- Born: 1 January 1880 Scarborough, Tobago
- Died: 29 June 1932 (aged 52) British Guiana
- Occupation(s): Politician, author and newspaper editor
- Spouse: Beatrice Elizabeth Glassford
- Children: 2
- Parents: James Frances Webber (father); Sarah Webber née Hope (mother);
- Relatives: Wilson Harris (wife's nephew)

= A. R. F. Webber =

Tobago-born Guyanese writer (1880–1932)

Albert Raymond Forbes Webber (1 January 1880 – 29 June 1932) was a Tobago-born Guyanese politician, author and newspaper editor.

He was author of Those That Be in Bondage: A Tale of Indian Indentures and Sunlit Western Waters (1917), a novel described as "a strange mixture of romantic sentimentality and protest against the treatment of East Indian indentured labourers on Guyanese plantations", and Centenary History and Handbook of British Guiana (1931).

==Early life==
Webber was born in Scarborough, Tobago, to Sarah ( Hope) and James Frances Webber and baptised in the Wesleyan-Methodist Church. Around 1890, Webber's parents separated and his father migrated to British Guiana to join his two half-brothers, Ernest and Percival Forbes. In 1899, Webber migrated to British Guiana and married Beatrice Elizabeth Glassford in 1899. Between 1906 and 1910, Webber worked for several gold producers, before working in advertising, first for the Daily Argosy newspaper and later for Booker Brothers, the largest conglomerate in British Guiana.

==Journalism==
In 1919, he became editor of another newspaper, the Daily Chronicle, a position he held until 1925. Between 1925 and 1930 he was editor of the New Daily Chronicle. In 1929 he helped launch the West Indian Press Association.

==Political involvement==
In 1921 Webber got involved in politics and was elected a Financial Representatives in the Combined Court, British Guiana's legislated body. By 1925 he was seen as a leader of the Afro-Guyanese and Indo-Guyanese people. In response to British attempts to reduce electoral involvement and transform British Guiana into a crown colony, Webber helped form the Popular Party, the first political party in the British West Indies. As Webber became more involved in politics he became involved in the British Guiana Labour Union.

==Literary career==
Webber wrote poetry, fiction and non-fiction. According to historian Selwyn Cudjoe, Webber's oldest-known published work consists of three poems—"What of a Night", "Wisdom Cometh in the Morning" and "The Jealous Scribe"—which were published in the Daily Chronicle in January and February 1916. Louis Ross, Webber's cousin, recounted to Cudjoe that he believed that Webber had started a literary magazine with Everil Ross, Louis' older brother, around 1910.
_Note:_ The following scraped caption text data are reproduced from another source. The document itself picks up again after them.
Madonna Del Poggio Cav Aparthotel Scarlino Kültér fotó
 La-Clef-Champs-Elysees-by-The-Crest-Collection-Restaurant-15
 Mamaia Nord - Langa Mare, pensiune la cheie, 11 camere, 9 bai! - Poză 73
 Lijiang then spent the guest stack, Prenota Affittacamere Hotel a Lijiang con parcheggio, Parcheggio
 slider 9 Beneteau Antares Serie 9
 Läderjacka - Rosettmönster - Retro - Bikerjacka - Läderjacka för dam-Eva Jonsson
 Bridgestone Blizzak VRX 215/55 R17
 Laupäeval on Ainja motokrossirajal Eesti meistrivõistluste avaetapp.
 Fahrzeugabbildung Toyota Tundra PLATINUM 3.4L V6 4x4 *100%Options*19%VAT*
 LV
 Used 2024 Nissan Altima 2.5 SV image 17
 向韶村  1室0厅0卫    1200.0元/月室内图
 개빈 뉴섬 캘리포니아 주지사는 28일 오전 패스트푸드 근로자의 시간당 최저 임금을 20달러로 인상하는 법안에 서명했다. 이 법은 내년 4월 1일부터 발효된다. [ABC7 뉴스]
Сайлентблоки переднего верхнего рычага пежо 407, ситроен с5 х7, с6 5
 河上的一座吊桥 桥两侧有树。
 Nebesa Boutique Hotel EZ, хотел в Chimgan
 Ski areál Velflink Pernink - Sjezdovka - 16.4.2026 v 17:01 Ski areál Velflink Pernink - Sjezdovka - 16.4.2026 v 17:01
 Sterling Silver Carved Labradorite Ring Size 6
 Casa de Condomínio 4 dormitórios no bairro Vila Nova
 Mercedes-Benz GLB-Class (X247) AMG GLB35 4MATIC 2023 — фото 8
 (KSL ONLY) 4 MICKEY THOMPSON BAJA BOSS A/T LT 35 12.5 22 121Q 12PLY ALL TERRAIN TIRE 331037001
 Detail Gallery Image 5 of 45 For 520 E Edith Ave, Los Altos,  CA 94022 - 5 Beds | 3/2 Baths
Webber published his only novel, Those That Be in Bondage in 1917. This was followed by a book of poems, Glints from an Anvil in 1919 and An Innocent's Pilgrimage, a travelogue of his journey to the United Kingdom in 1926 as part of the Guyanese delegation to the West Indian Conference, which was published in 1927. His final work, the Centenary History and Handbook of British Guiana, was published in 1931.

==Other achievements==
In 1929, Webber was elected a Fellow of the Royal Geographical Society.